I try to cut them some slack. Coming in and doing work after someone was already there can be tricky and daunting. It's a lot like software. It's in pretty much every industry.
But today I found something in my house that is making me livid (and I don't usually get mad; frustrated, yes, annoyed, sure, but mad, rarely). We've had issues with our air conditioning ever since we moved into this house. The house gets pretty hot in the summer time. For a long time we've attributed the problem to the air conditioner not working or needing more coolant, or whatever. We've paid for people to come out every year (yes EVERY YEAR) and fix it. The fix has been temporary at best. There has always been one vent (in the small bathroom) that hasn't ever really worked. I always assumed that there was blockage.
Well, to help mitigate the problems we've been having we hired a duct cleaner to come out today and do his magic (it's been long overdue anyway). In attempting to clean out the bathroom duct he noticed that he wasn't getting any suction. He reached his hand in and felt insulation. No, it wasn't insulation that was in the pipe, it was insulation because the pipe wasn't connected to the boot. He could see light through the vent. Grrr.
Now it just happens that we just finished (and by just I mean yesterday) drywalling, taping, mudding, and texturing the walls in the basement. This wasn't looking good. The only bright point to this whole rant is that there is just one place in the whole basement that isn't finished: the utility room. The bathroom happens to sit right above the utility room. Thank heavens!
So we went down to have a look. Sure enough, the boot is sitting there attached to the bathroom floor in the ceiling. There's also a pipe that should be attached. It's just sitting there. The end closest to the boot had duct tape on it. At the other end of the pipe was an elbow. The elbow should be attached to the main air conditioning shaft. Upon inspecting the elbow, however, it was never dove-tailed, cut, taped, screwed anything - it looked as pristine as it would be in the store. Frustrated, I then felt around for a hole. Sure enough, there it was.
But it gets better. It wasn't that it wasn't connected - that would be an easy fix. The builders, in their great wisdom, saw fit to run a floor joist smack over the middle of the hole - right in line with the boot to the vent in the bathroom. There is no way it was ever connected, nor could it be.
Now it turns out that this hole is the hole nearest to the air conditioning unit. Naturally it would receive the greatest amount of air pressure. For seven years we've been venting the majority of our air into the insulation below our bathroom, robbing the rest of the house of much needed cooled air. No wonder it's never really cooled off the house and our electrical bills have been astronomical.
I don't know how this ever passed inspection. I wonder if it was even inspected. I wonder how someone could just not care enough to finish the job. I guarantee that had it been the builder's house things would have been different.

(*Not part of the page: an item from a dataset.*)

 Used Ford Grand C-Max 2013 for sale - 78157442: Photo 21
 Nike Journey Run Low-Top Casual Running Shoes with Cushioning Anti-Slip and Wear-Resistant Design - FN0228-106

Chalk that up for yet another problem :-(
- The entire circuit breaker was wired backwards (we had incessant breaker tripping for years just running the microwave and a blender at the same time) which had led to countless computer hardware issues and crashed drives because of surges.
- I had to furr down almost the entire basement because of pipes and wires running beneath all of the joists.
- Air conditioning ducts never even connected. The pipe was just laying there, never even connected - venting the majority of air into the insulation beneath the bathroom.
I know that there's pressure to get stuff built. There are time constraints, but do we just not care about the quality of anything anymore? Everything is disposable, nothing is made to last. This is ridiculous to saddle someone with a half-baked, not even working product and call it good with a clean conscience. Had I not been doing this inspection I never would have known the problem and would have lived on, ignorant of the problems within the system, tolerating the output.
It's a lot like crappy software. I'm sick of a lack of quality. Where's the pride in what we do?